= Records to process =

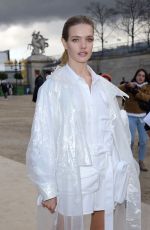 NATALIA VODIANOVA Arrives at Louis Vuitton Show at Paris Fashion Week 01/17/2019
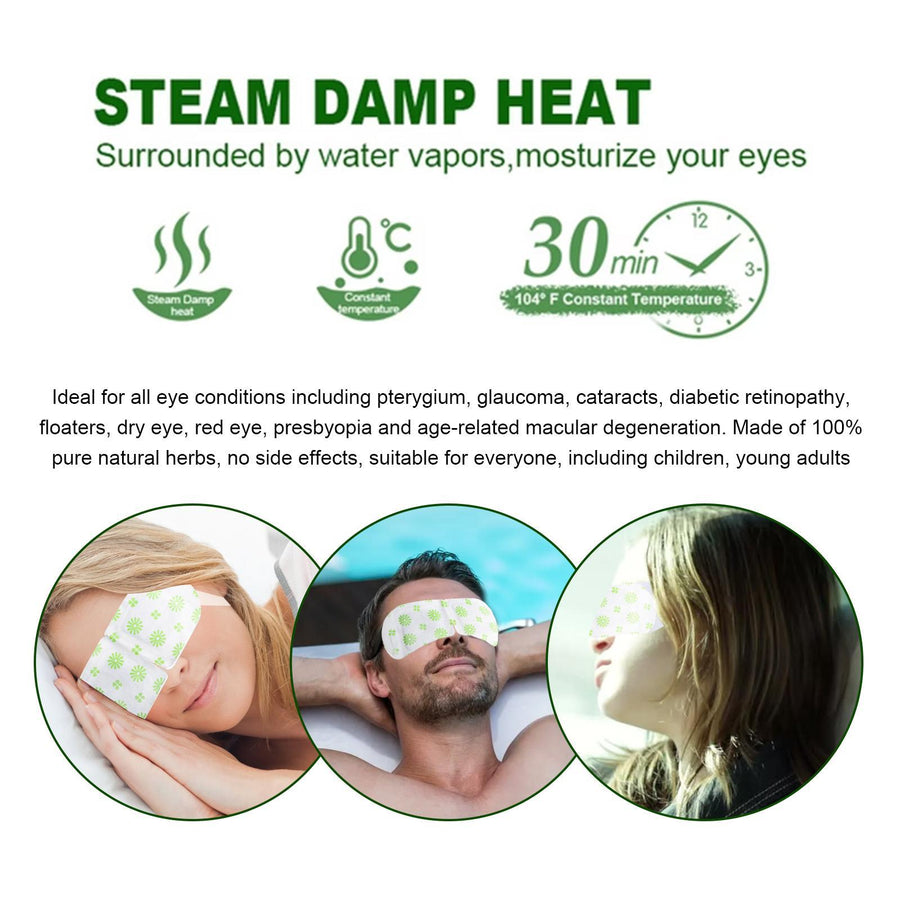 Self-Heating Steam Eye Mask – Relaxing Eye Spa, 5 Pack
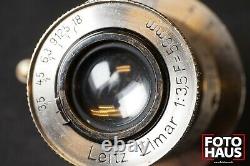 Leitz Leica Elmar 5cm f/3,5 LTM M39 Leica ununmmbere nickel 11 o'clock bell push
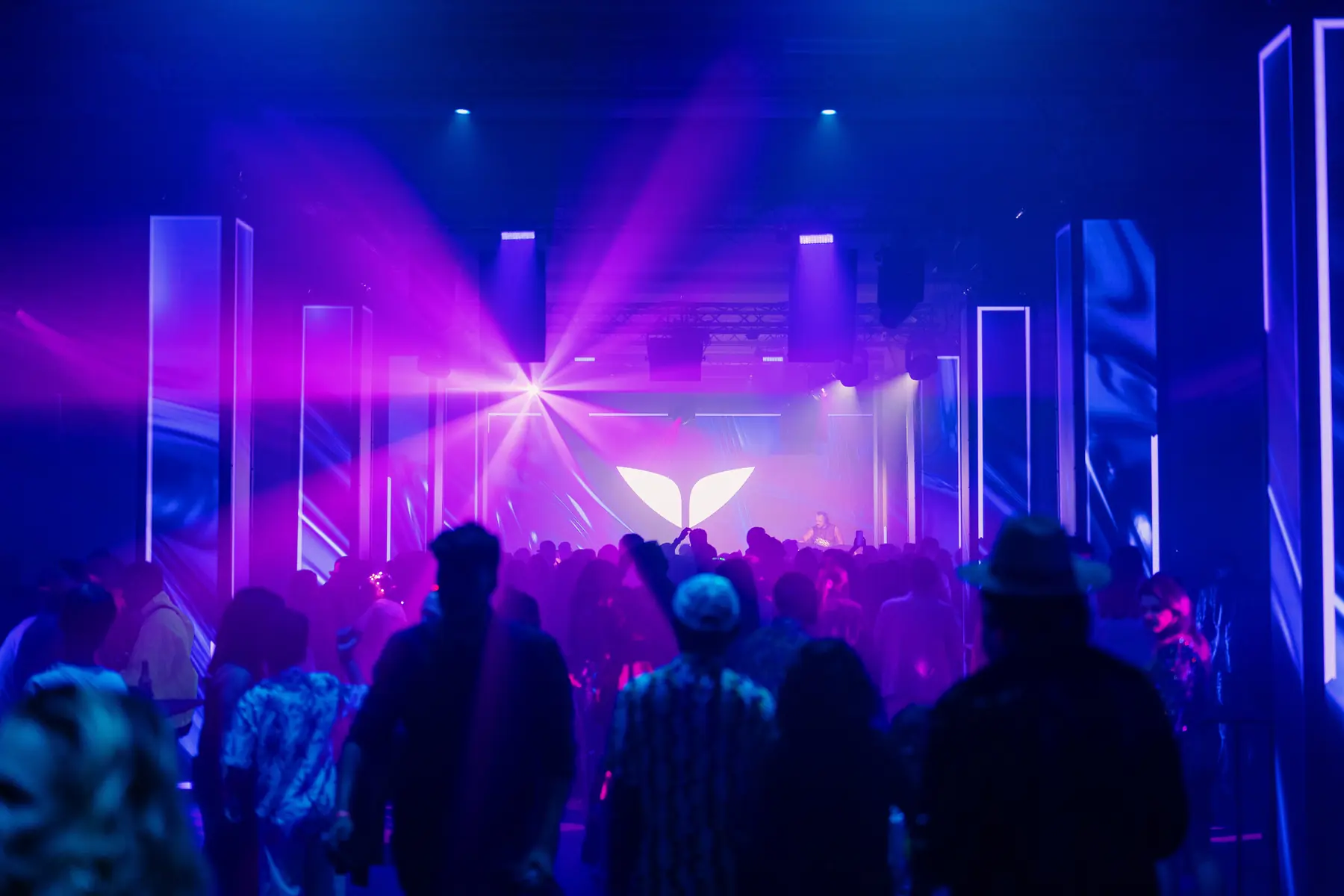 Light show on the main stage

...

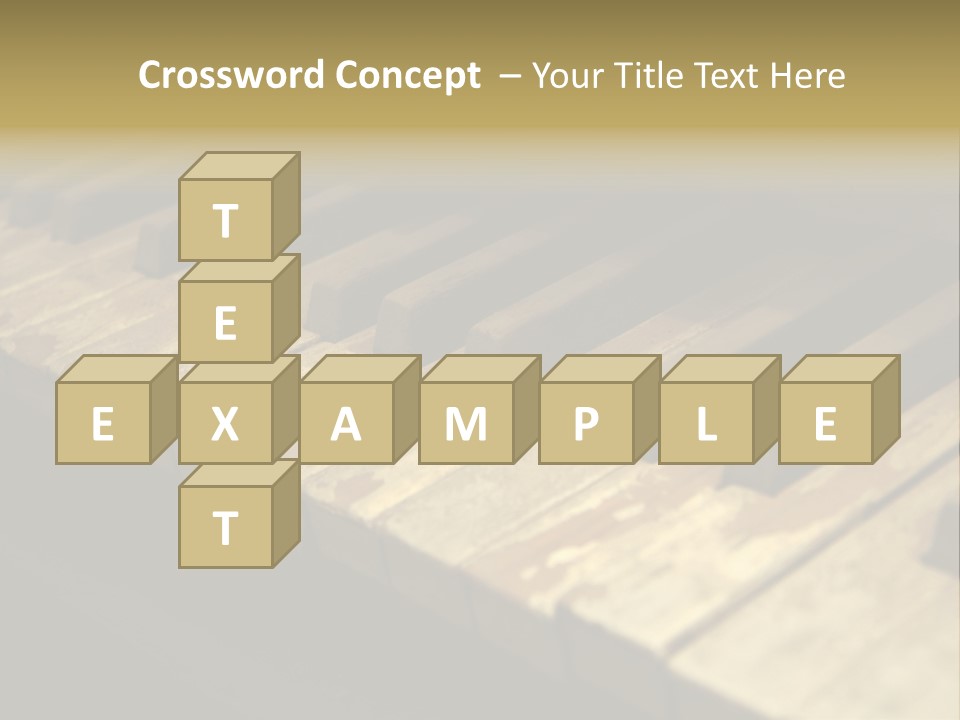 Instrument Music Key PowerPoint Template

--

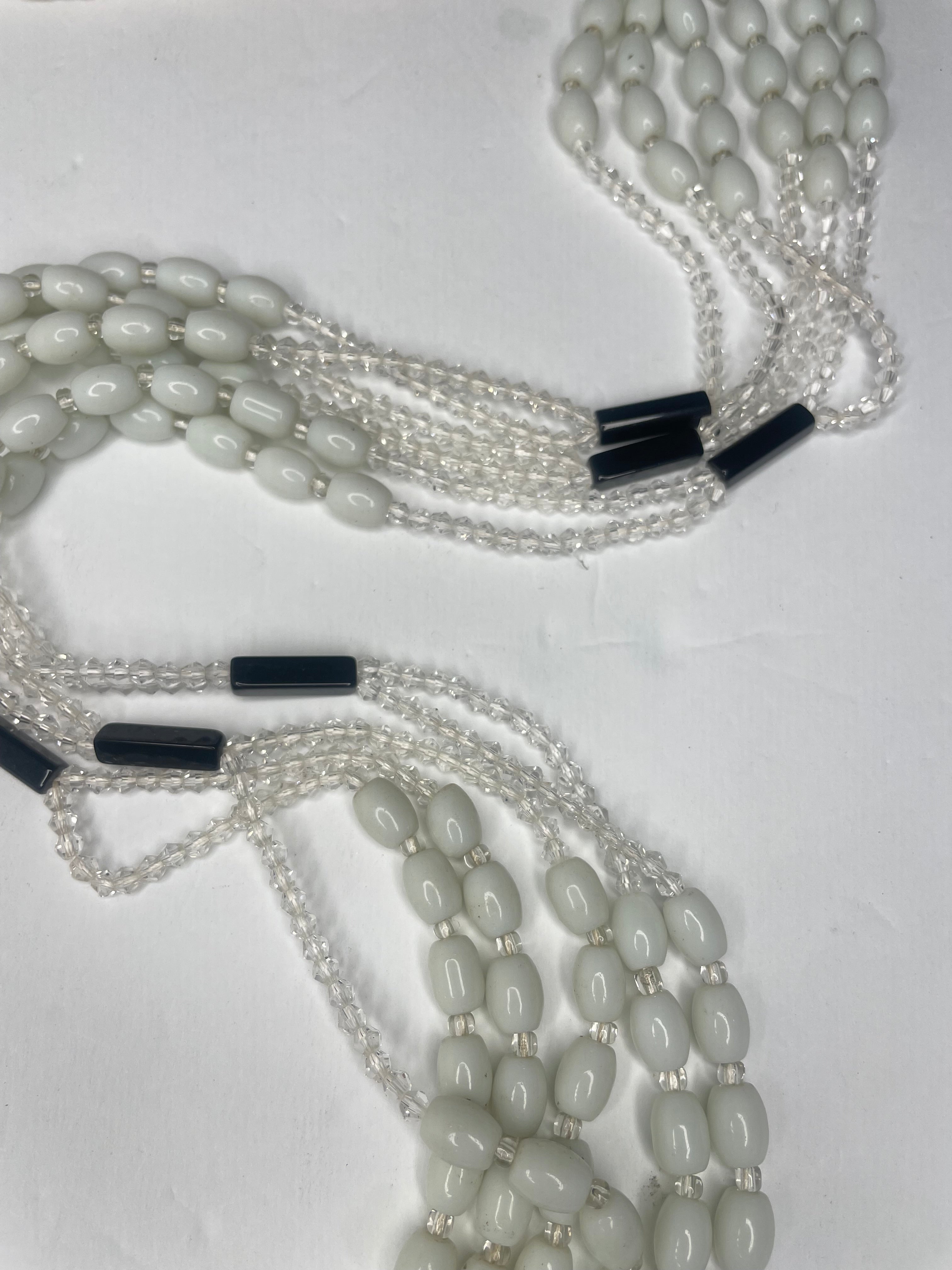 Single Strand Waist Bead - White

= Task brief =
Reproduce the listing above only between the lines holding "Leitz Leica Elmar" and "Light show on the main stage", inclusive. Every line must match exactly, and pictures are dropped.

= Finished task =
 Leitz Leica Elmar 5cm f/3,5 LTM M39 Leica ununmmbere nickel 11 o'clock bell push
 Light show on the main stage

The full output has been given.